Hayridge Hundred

Feniton is in Hayridge Hundred.

Hayridge hundred was originally known as Silverton Hundred – can’t find when it changed or why it was called Hayridge.

A Hundred is subdivision of a English Shire first noted in the 10th century and survived as a unit of local government until the 19th century. The origin of the name is Anglo Saxon for an area comprising of around 100 geld hides (this was a basic Anglo Saxon land unit for taxation prurposes). The origin is probably Germanic meaning 100 warriors or households. One hundred geld hides approximated to about 12000 acres or 18.75 square miles. The hundreds varied in size and the makeup of the parishes in each hundred continually changed. Each hundred had its own court which met regularly every four weeks until the 13th century by which time local lords had taken them over and they gradually lost importance from the 16th century onwards. The court was made up of Tythingmen from each of the parishes or Tything groups in the hundred. They had responsibility for crimes committed by members and jurisdiction over pleas of debt and trespass. In northern counties the equivalent to a hundred was known as a Wapentake – from the Norse word for the same unit.

Notes and details of the freeholders and attendees at Hayridge Hundred courts for the 17th and 18th centuries are held in the DRO – some have been transcribed by the Friends of the Record Office and are online. [Geoff]
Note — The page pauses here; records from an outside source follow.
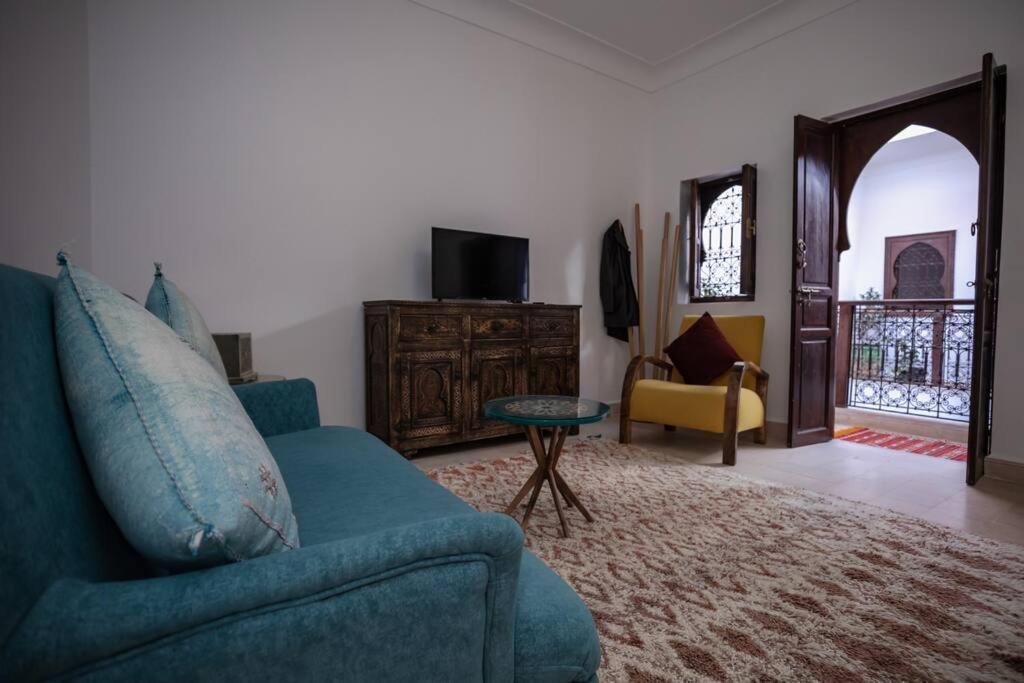 Paisible Riad Privatif Au Coeur De Marrakech Marrakesh Exterior foto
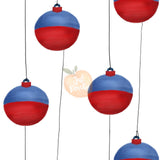 Red and Blue Bobbers -Multiple Colors/styles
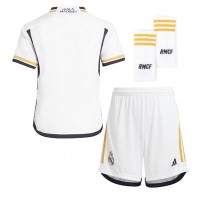 Koszulka piłkarska Real Madrid Strój Domowy dla dzieci 2023-24 tanio Krótki Rękaw (+ Krótkie spodenki)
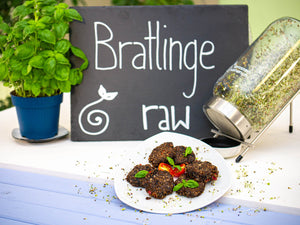 Bratlinge raw/roh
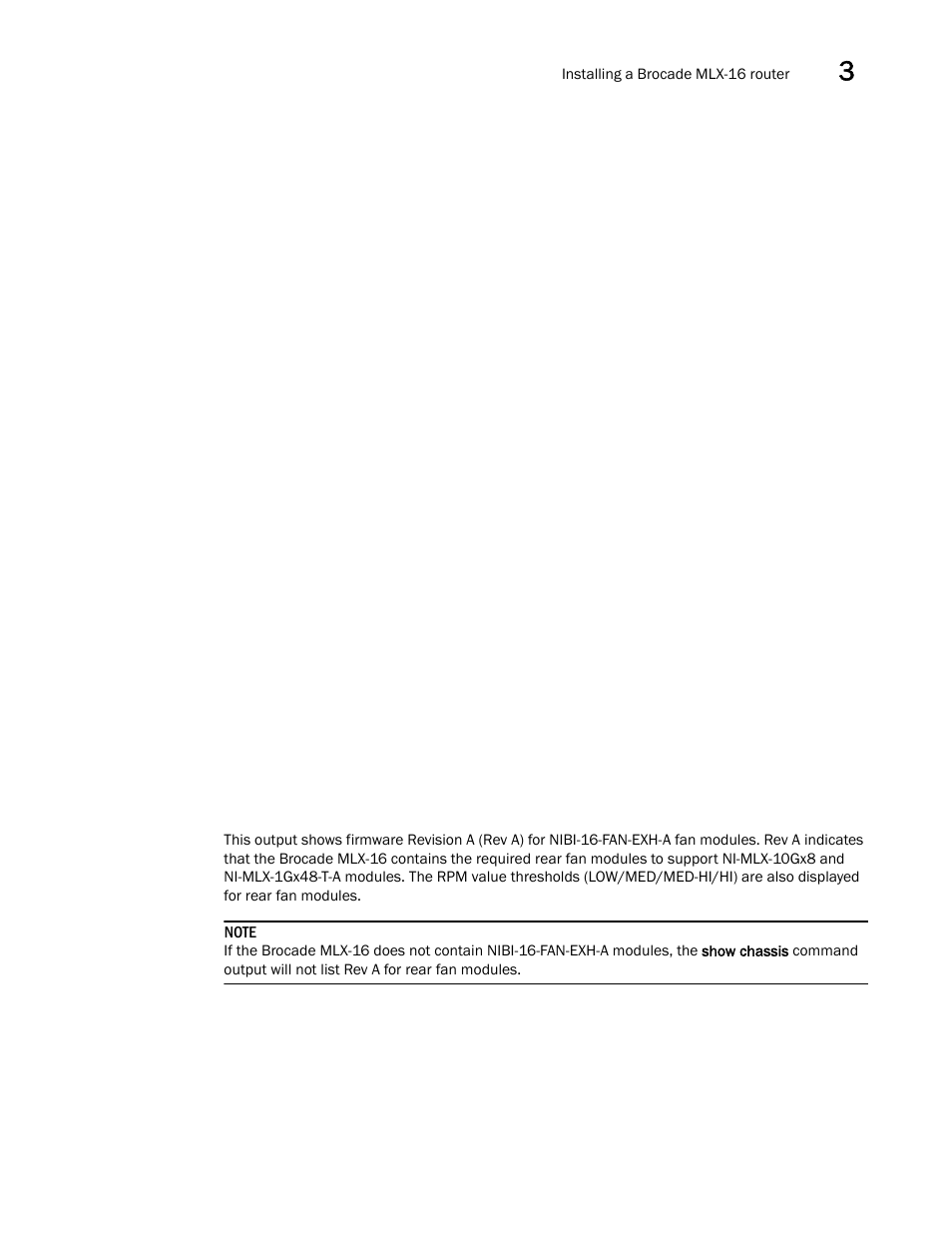 Brocade Communications Systems Brocade MLX Series and Brocade Netlron XMR 53-1002373-02 User Manual | Page 203 / 452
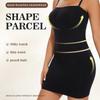 Strapless Shapewear Body Shaper for Women Tummy Control Full Slip Shapewear Under Dress Adjustable Spaghetti Strap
  1. I too am puzzling over this one. The name changed between the Geldroll of 1084 and two centuries later in the Hundred roll of Edward I.
    More can be found in Reichel, Trans Dev Assoc XLII 1910 online at https://archive.org/details/reportandtransa17artgoog and https://archive.org/details/reportandtransa18artgoog
    There are several puzzling issues with this. It is claimed that the new name is from the hundred courts held at what is now Whoridge farm but this does not appear on a couple of the 18th century maps and is called Stone Farm on the first edition OS map.

    1. Thank you Nick for your comment, and the web links. Very useful.